Главная язва Бразилии, писал Завалишин, «невольничество» напоминало о себе постоянно не одним отвлеченным знанием существования его, а наглядным образом, в самом отвратительном виде. Не говорим уже о невольничьем рынке, посещение которого произвело на нас самое тяжелое впечатление при виде осмотра людей как скотов и клеймения их раскаленным железом, «тавром» покупателя. Это впечатление так живо выразилось на наших лицах, что возбудило злобные взгляды и продавцов и покупателей на нас, непрошеных свидетелей. На самой дворцовой площади, которую нам необходимо было переходить, сойдя с пристани, куда бы мы ни шли, мы ежеминутно видели обнаженных до пояса, клейменых негров и негритянок, приходивших за водой из находящегося на площади фонтана. Еще тяжело было видеть целые ряды скованных арестантов, приходивших за тем же; у многих заметили мы еще ту особенность, что на них были жестяные маски…»

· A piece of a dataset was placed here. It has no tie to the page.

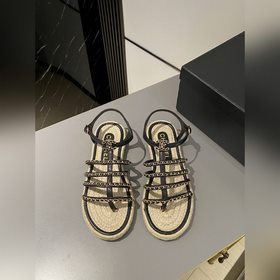 CHANEL 2025 Новая модель плетеных пляжных сандалий, доступна в ма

Ремонты взяли на «Крейсере» ровно месяц. Тем временем корабль принял «свежие жизненные потребности». И тогда же, в Рио-де-Жанейро, Лазарев решил не огибать мыс Горн, а следовать в Тихий океан через Индийский, мимо берегов Австралии. Этот вариант избрал командир, потому что у мыса Горн уже бушевали февральские штормы.
О переходе из Рио-де-Жанейро к острову Тасмания сохранился рапорт командира фрегата. Лапидарность документа изумляет. Краткость – сестра таланта? В таком случае у Лазарева была редкостная «сестрица». Изъясняйся кратко, ибо жизнь коротка? В таком случае Лазарев полагал, что жизнь коротка как рында-булинь, тросик судового колокола. Донесение Михаила Петровича в Адмиралтейств-коллегию – на двух листах. А плавание Индийским океаном длилось чуть ли не три месяца. И какое плавание!
Голубизна и лазурь чистых вод Индийского океана, противореча психологическим ассоциациям, способна на черную ярость. В Индийском океане Нахимов, как никогда прежде, полной мерой, полной «выкладкой» познал грубую, холодную заскорузлую работу моряка, круто присоленную, рвущую жилы. Ничего не было, кроме штормовых вахт, неразогретой пищи, непросыхающей одежи. В каюту просачивалась едкая, предательская вода. Лишь одно сухонькое местечко осталось – кожаный диван в кают-компании; на нем мог прикорнуть тот, кто вступал на ночное дежурство.
Были буря, дождь, град, снег. Бесконечная череда дней и ночей. Слитных, почти неразличимых, навалившихся оглушительной, лохматой глыбой. И в этой череде выдался час особенно страшный, грянул, как последняя труба. Кто-то крикнул отчаянно: рушится топ. Рушилась верхушка грот-мачты. Надо было укрепить ее чего бы это ни стоило. Крепить тотчас, сию ж секунду. Без рупора, без командира, не дожидаясь приказа – все офицеры бросились к ревущему небу, во мглу и вихрь, на помощь матросам. И Нахимов тоже. То был ослепительный миг. Не карабкались – взлетали, срывая кожу ладоней, не чувствуя, как из-под ногтей брызжет кровь…
А в последние семнадцать суток, что оставались до берега, и вовсе не было ни проблеска, ни минутной затишки. И не было подвахтенных, отдыхающих: всю команду то и дело требовали наверх, на палубу – в клекот, гром, пену, шипенье, в эту дикую одурь Индийского океана.
И наконец, завершающее испытание: приход в порт.
Радости встречи с землею, с твердью, радости, ведомой лишь мореплавателям (а в наши времена – и воздухоплавателям), всегда предшествует острое напряжение: ошибочность навигационных расчетов может оказаться роковой.